We first looked at the construction of flat top guitars, durable for treks across the country and steel strings for volume. Because the bridge and tailpiece are placed together on the top of the guitar, right in the middle, an incredible amount of bracing is required. The top of any acoustic guitar needs to be delicate enough to vibrate with the strings and project sound like a speaker cone. The tight steel strings of a flat top would rip that delicate top right off without extra bracing underneath it. Unfortunately, that extra bracing reduces the acoustic qualities of the guitar, so it couldn't be heard well in a jazz band setting.

Developments by Gibson and others in the early 1900s brought more traditional stringed instrument designs to the guitar. Like a violin or cello, the top was carved into an arch with f-holes next to the bridge instead of a single round hole under the strings.
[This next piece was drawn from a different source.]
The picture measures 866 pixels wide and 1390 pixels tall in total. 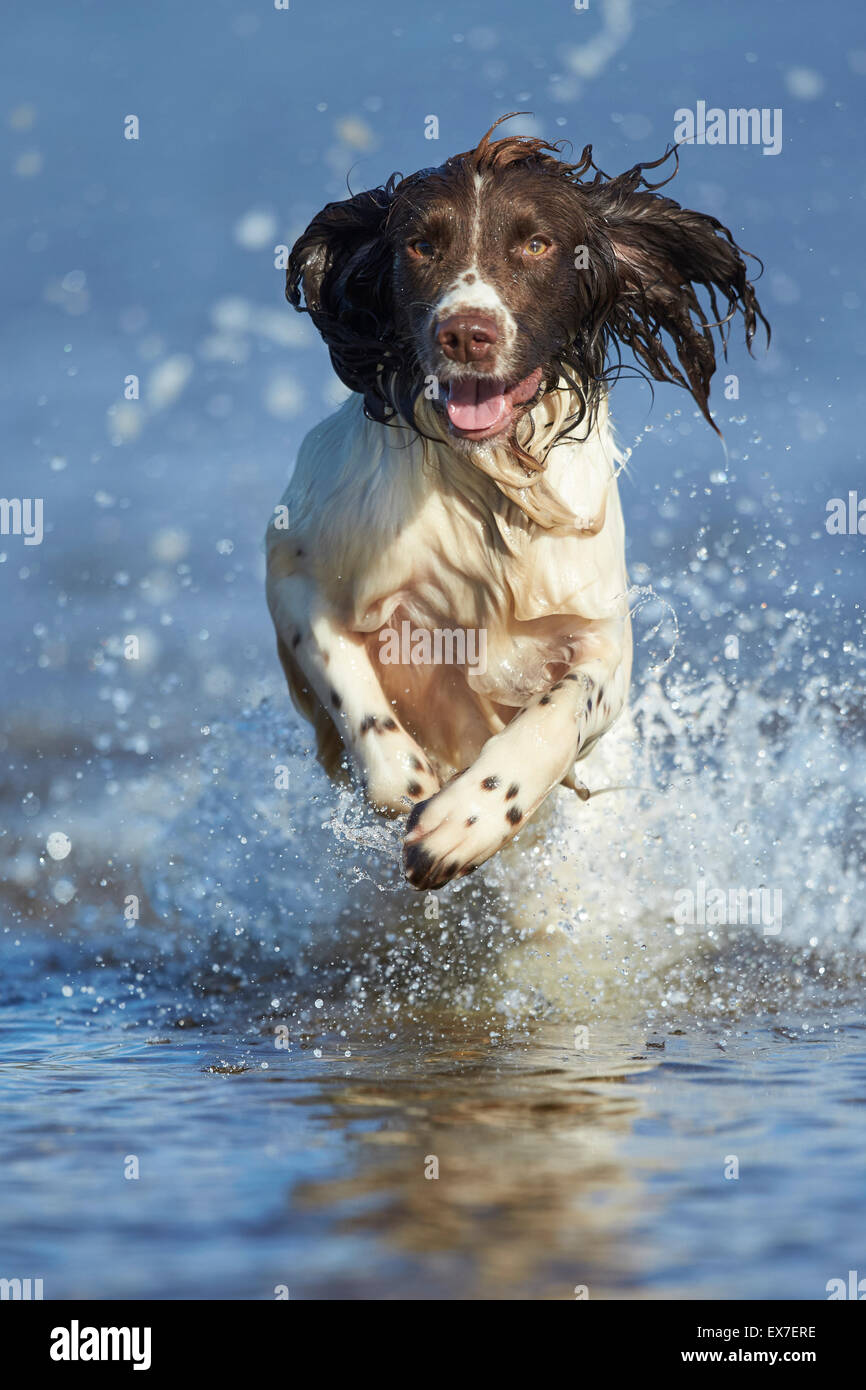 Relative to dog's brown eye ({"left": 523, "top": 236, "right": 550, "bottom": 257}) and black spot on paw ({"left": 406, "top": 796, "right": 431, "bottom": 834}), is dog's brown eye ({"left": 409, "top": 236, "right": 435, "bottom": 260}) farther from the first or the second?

The tailpiece was attached to the side of the guitar, called a violin or trapeze tailpiece, to provide a downward force on the bridge. Thus, there was no more danger of ripping off the top, so that extra bracing was no longer necessary, which allowed the top to resonate more freely.

Ideally, no holes were drilled anywhere in the top. The tailpiece was attached to the side. The pickguard was attached to the neck, supported by an additional attachment to the side if necessary. When pickups came to prominence in the 30s, they were attached to the pickguard or neck. The volume knob was accessible on the pickguard, and the output jack on the side. In fact, nothing even touched the top of the guitar except the bridge, which was essential in transferring the strings' vibrations to the top.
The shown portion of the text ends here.